About this exercise =>
Pictures within the data are to be left out; everything else must be reproduced exactly.
--- Material for this exercise ---
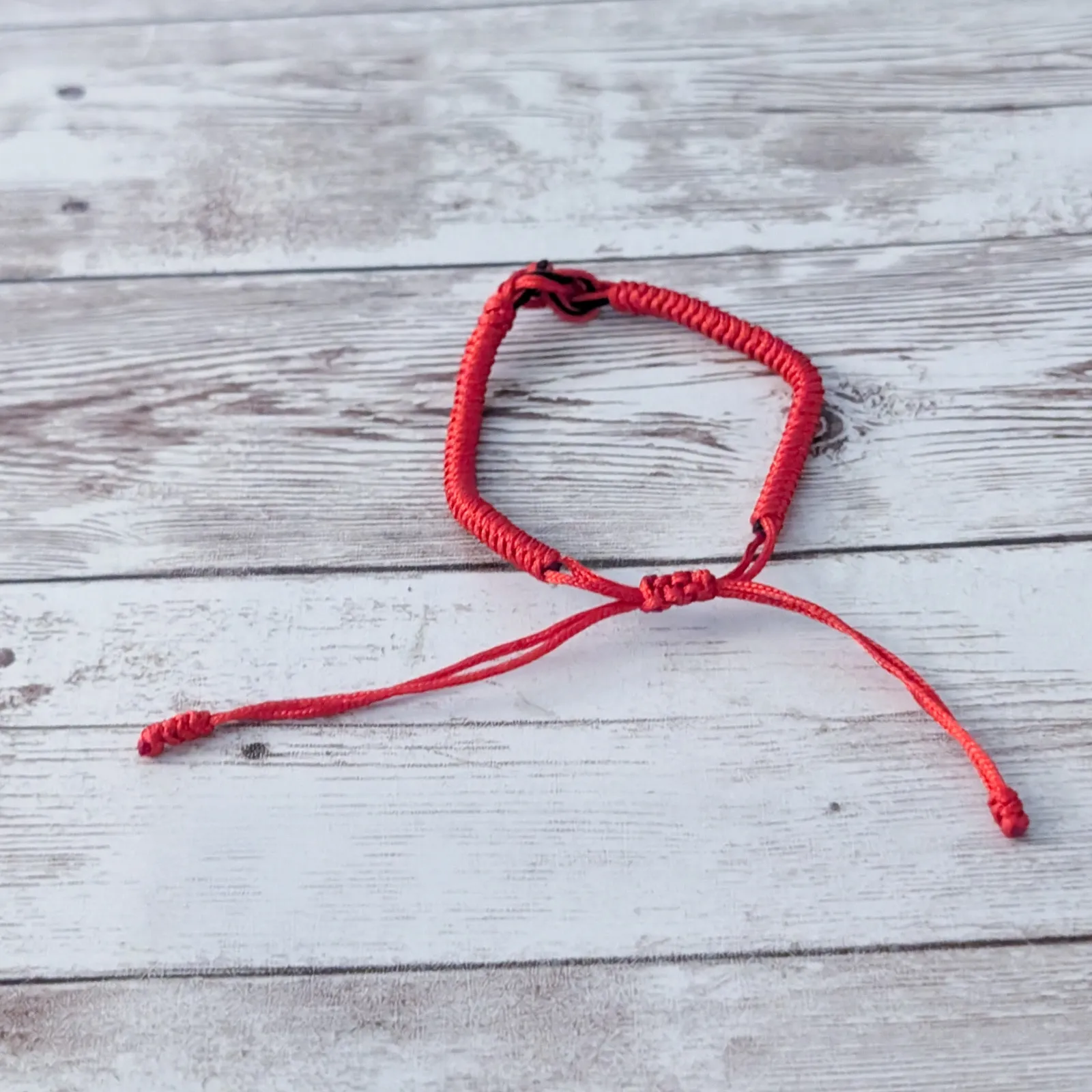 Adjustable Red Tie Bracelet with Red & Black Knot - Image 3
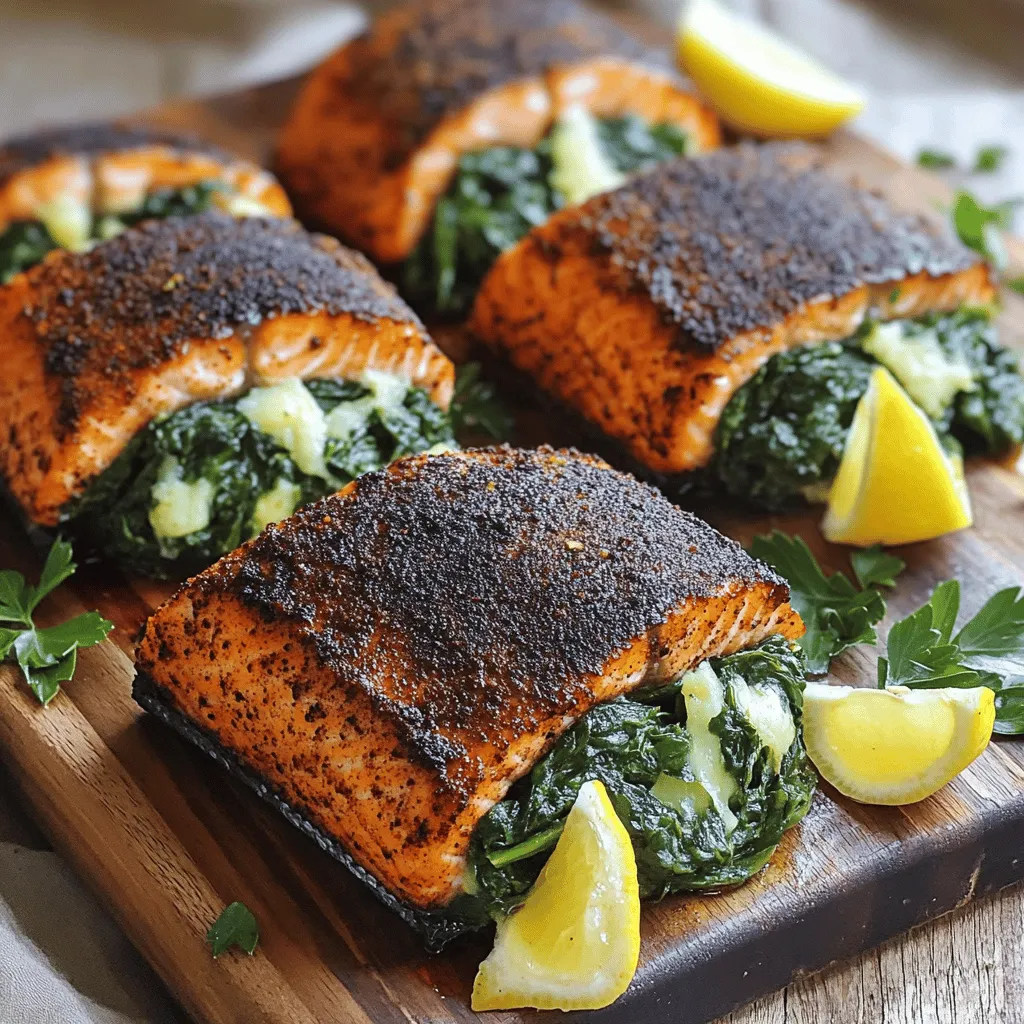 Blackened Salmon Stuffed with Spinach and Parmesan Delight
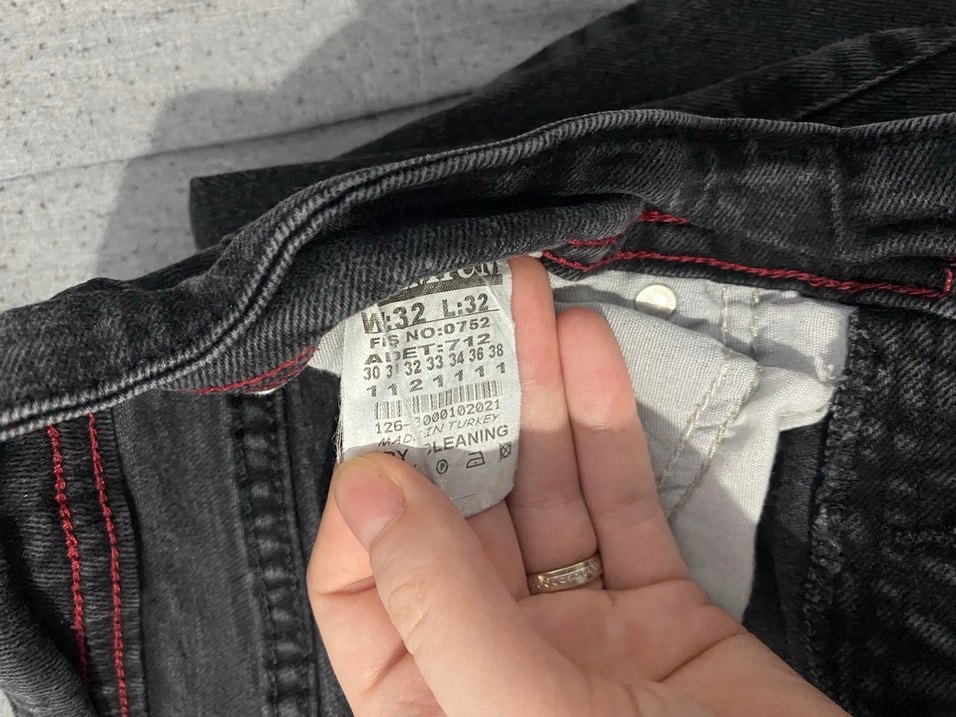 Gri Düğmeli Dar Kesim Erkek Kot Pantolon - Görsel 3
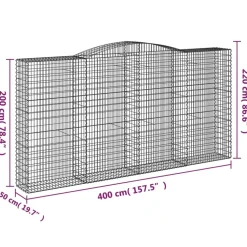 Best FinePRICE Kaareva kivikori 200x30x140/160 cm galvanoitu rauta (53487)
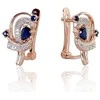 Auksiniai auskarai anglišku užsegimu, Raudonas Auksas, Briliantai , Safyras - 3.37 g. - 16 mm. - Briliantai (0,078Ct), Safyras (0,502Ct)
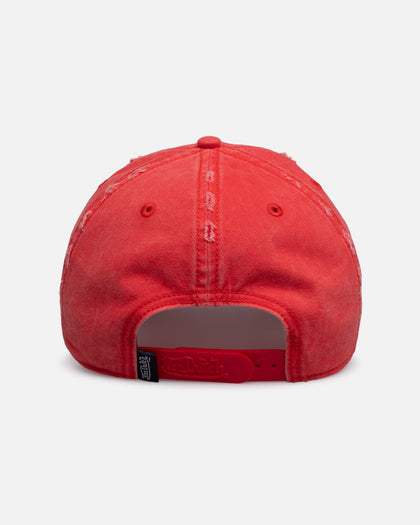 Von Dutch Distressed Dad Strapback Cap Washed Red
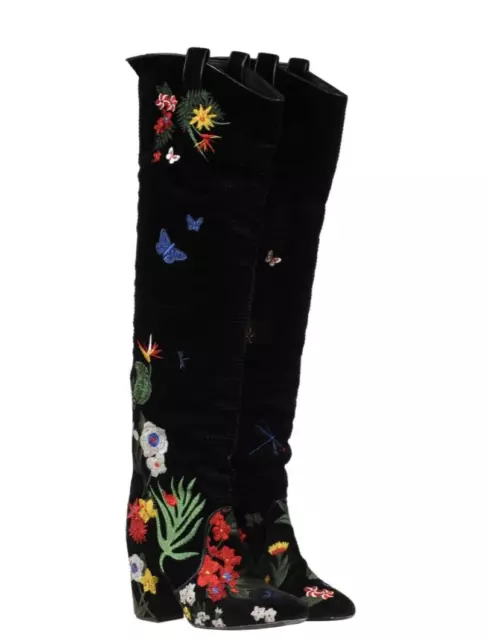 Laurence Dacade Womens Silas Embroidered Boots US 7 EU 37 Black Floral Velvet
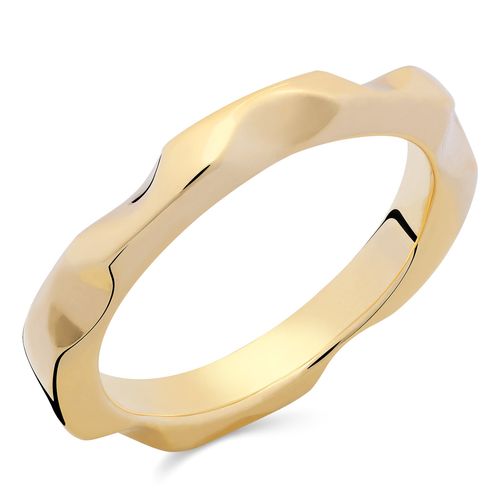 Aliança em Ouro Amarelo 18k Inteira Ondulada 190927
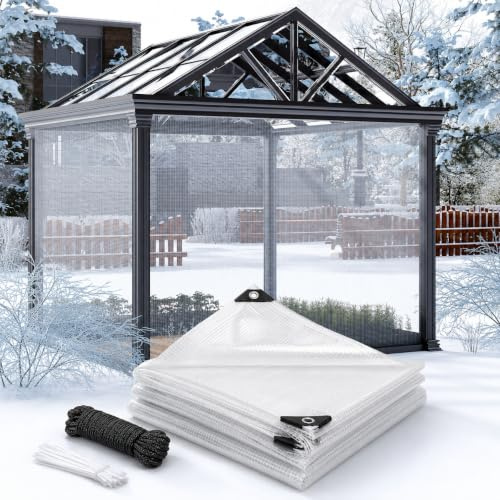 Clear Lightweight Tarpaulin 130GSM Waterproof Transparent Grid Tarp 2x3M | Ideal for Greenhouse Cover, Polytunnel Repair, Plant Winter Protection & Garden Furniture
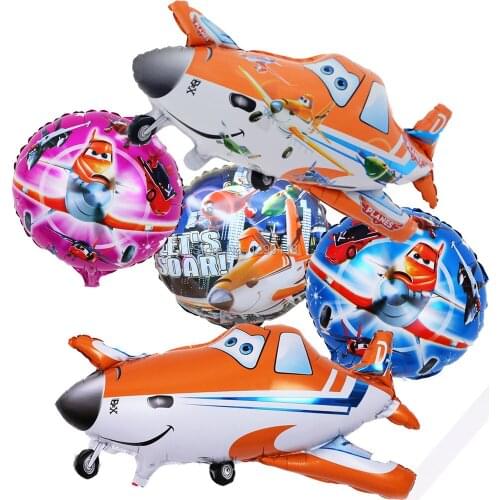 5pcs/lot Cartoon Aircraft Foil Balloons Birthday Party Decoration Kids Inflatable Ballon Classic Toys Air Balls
---
Result of the exercise =>
 Adjustable Red Tie Bracelet with Red & Black Knot - Image 3
 Blackened Salmon Stuffed with Spinach and Parmesan Delight
 Gri Düğmeli Dar Kesim Erkek Kot Pantolon - Görsel 3
 Best FinePRICE Kaareva kivikori 200x30x140/160 cm galvanoitu rauta (53487)
 Auksiniai auskarai anglišku užsegimu, Raudonas Auksas, Briliantai , Safyras - 3.37 g. - 16 mm. - Briliantai (0,078Ct), Safyras (0,502Ct)
 Von Dutch Distressed Dad Strapback Cap Washed Red
 Laurence Dacade Womens Silas Embroidered Boots US 7 EU 37 Black Floral Velvet
 Aliança em Ouro Amarelo 18k Inteira Ondulada 190927
 Clear Lightweight Tarpaulin 130GSM Waterproof Transparent Grid Tarp 2x3M | Ideal for Greenhouse Cover, Polytunnel Repair, Plant Winter Protection & Garden Furniture
 5pcs/lot Cartoon Aircraft Foil Balloons Birthday Party Decoration Kids Inflatable Ballon Classic Toys Air Balls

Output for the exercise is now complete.